THE DATA:
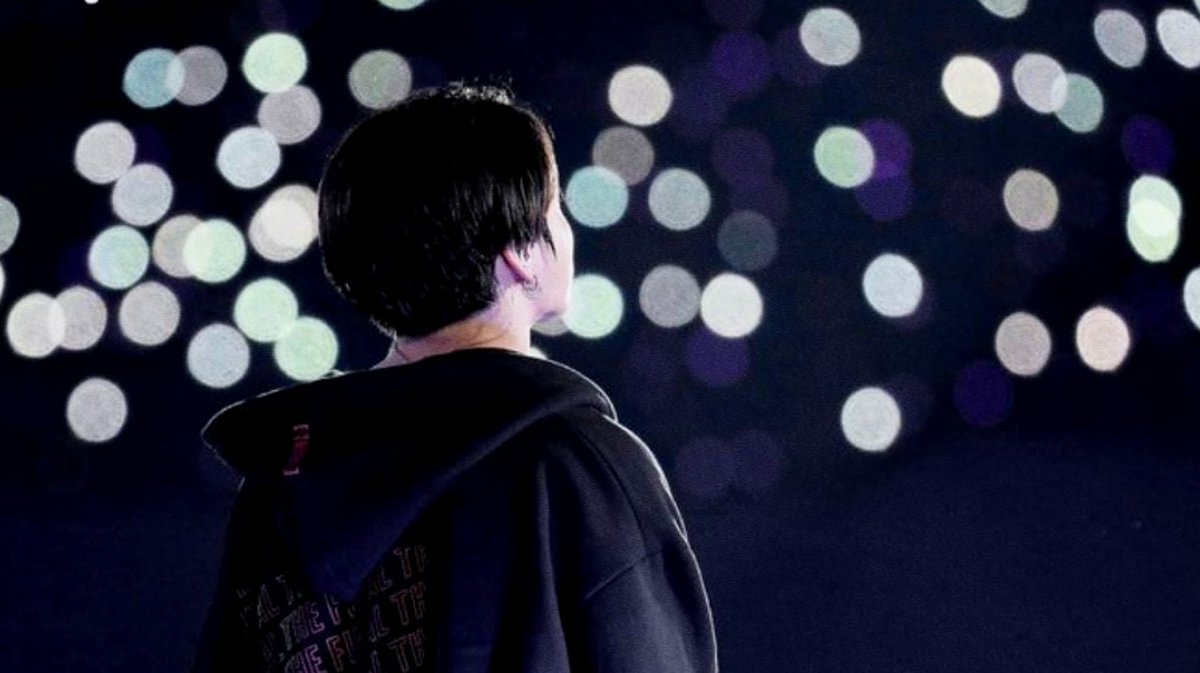 jeonss97's tweet photo. “Perhaps the reason this night looks so beautiful, Is not because of these stars or lights, but us” — Mikrokosmos https://t.co/atwcHvR8cS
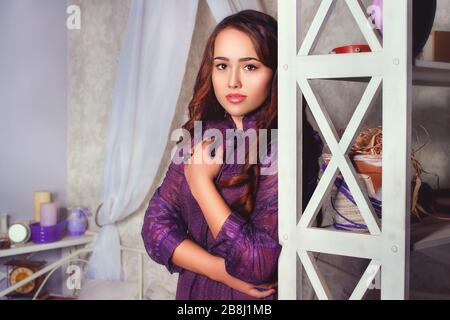 Junges, wunderschönes Mädchen im Studio Stockfoto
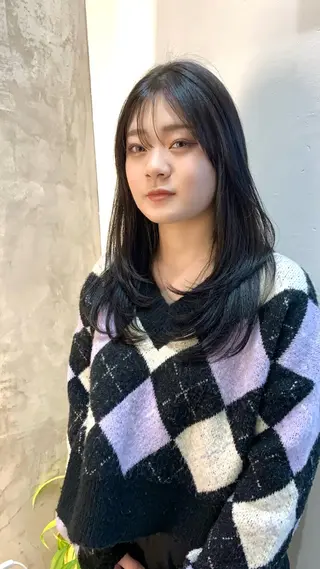 セミロング カラー ✨コテ巻き風パーマ ✨川合佑哉のヘアスタイル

PROBLEM REQUIREMENTS:
Once the line with "Junges, wunderschönes Mädchen" is found, output it and every line after it through the end of the listing, exactly, without pictures.

EXERCISE ANSWER:
 Junges, wunderschönes Mädchen im Studio Stockfoto
 セミロング カラー ✨コテ巻き風パーマ ✨川合佑哉のヘアスタイル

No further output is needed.